The big farmland players are also pushing farmland and corporate farmland ownership as a way for corporations to achieve net zero carbon emission targets, and are investing heavily to quantify the emissions that can be reduced or carbon that can be captured in the soil by tweaking their industrial agricultural practices.
“Many [companies] have been coming out with targets to be carbon neutral by a certain date, and one tool to help with that is to invest in timberland and farmland,” says Martin Davies, chief executive of TIAA's Westchester Group. His company just hired a new head of sustainability to "support Westchester's response to rising investor demand for carbon neutral portfolios, providing scalable, natural solutions to counter climate change through farmland investments.”
All of this is closely tied to developments in the digitalising of agriculture. The digital land records and massive quantities of data that big tech companies like Microsoft and Amazon are vacuuming up from farmers' fields make it easier for the farmland companies to scour the planet for profitable farmland deals. They can also use satellite technologies and drones to monitor their farms from a distance, ensuring that those operating their farms are complying with their standards and directives.
Taken together, the advances in digital agriculture and the opportunities for carbon credits and greenwashing have the potential to make transnational, financialised farming operations more profitable, and certainly more appealing to investors.
The world's farmland, as the farmland fund managers like to repeat, is finite.
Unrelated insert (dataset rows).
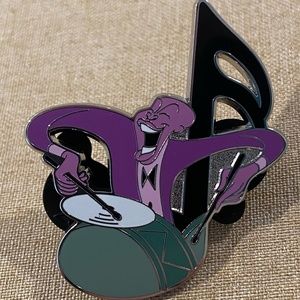 Disney Duke - Fantasia - Music Notes - Mystery Pin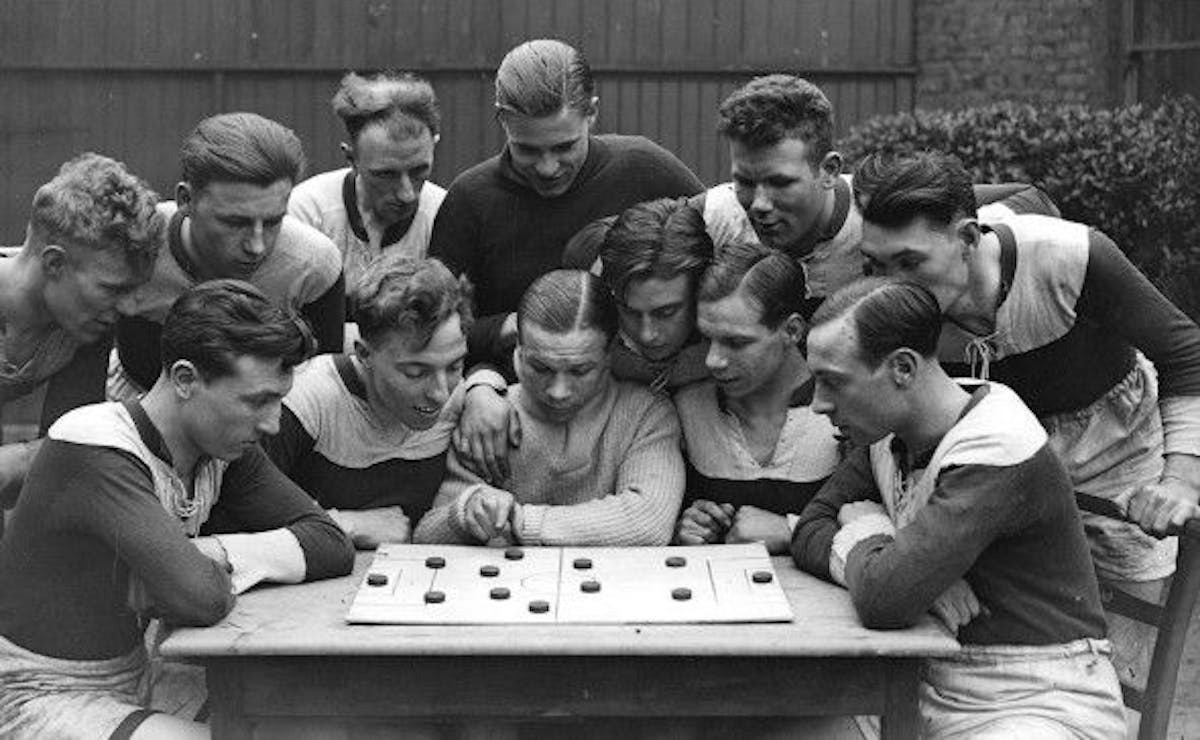 featured image - Build a ‘Content Factory’ With a Tight Budget With Three Steps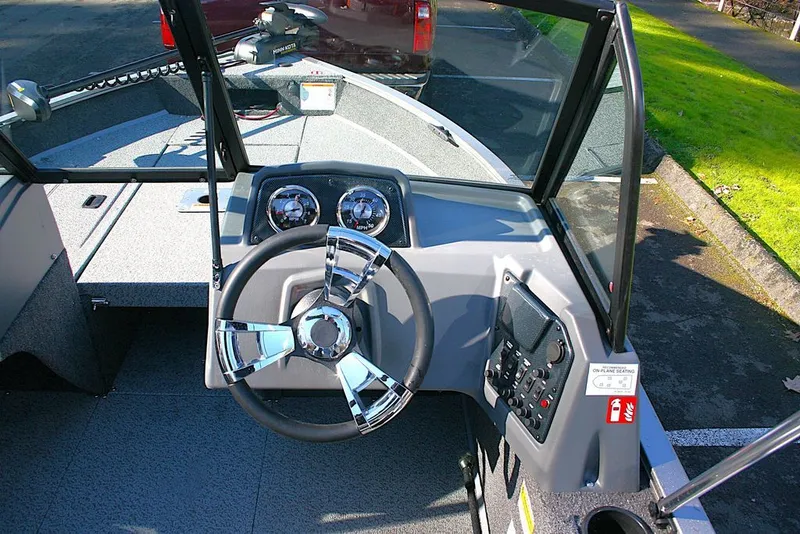 Slide: The Image of Lowe Boats FS 1625 2026 - 5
So, as corporations inhabit more of it, the less there is for small farmers, indigenous peoples and rural communities. Already these people are surviving on a dwindling fraction of the world's farmlands, and still producing most of the world's food. In 2014 we estimated that small farms occupied less than a quarter of the world's farmlands.
The corporate farmland grabbers want people to think that this does not matter.
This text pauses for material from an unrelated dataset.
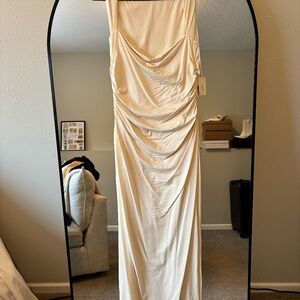 The A&F Ava Knit Midi Dress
“I don’t think there’s anything especially notable about who buys farmland, if an institutional buyer buys it or a wealthy individual buys it or a neighboring farmer buys it … It’s still going to be used the same way in the following year and the returns to that asset are not influenced much at all by who happens to own it at a point in time,” says Bruce Sherrick, the director of TIAA Center for Farmland Research and board member of Leading Harvest.
But it absolutely does matter whether farmlands are in the hands of a corporation or a community of small farmers or pastoralists. Small farms have greater biodiversity and tree cover. They feed their communities with healthy foods. They generate and distribute wealth locally and fairly and build dynamic communities. They can and often do practice agroecology without fossil fuels or chemical inputs. And, as a new global study published in Nature concludes, they even produce significantly higher yields than big corporate farms. Small farms do not, however, offer much opportunity for pension fund managers and billionaire family offices to extract profits.
And that is the crux of the problem. Those who presently control the world's financial flows are not capable of supporting the food producers and food systems that can deal with the climate crisis or the many other crises afflicting food and agriculture. Our challenge is to get both farmland and money out of their hands, as fast as we can.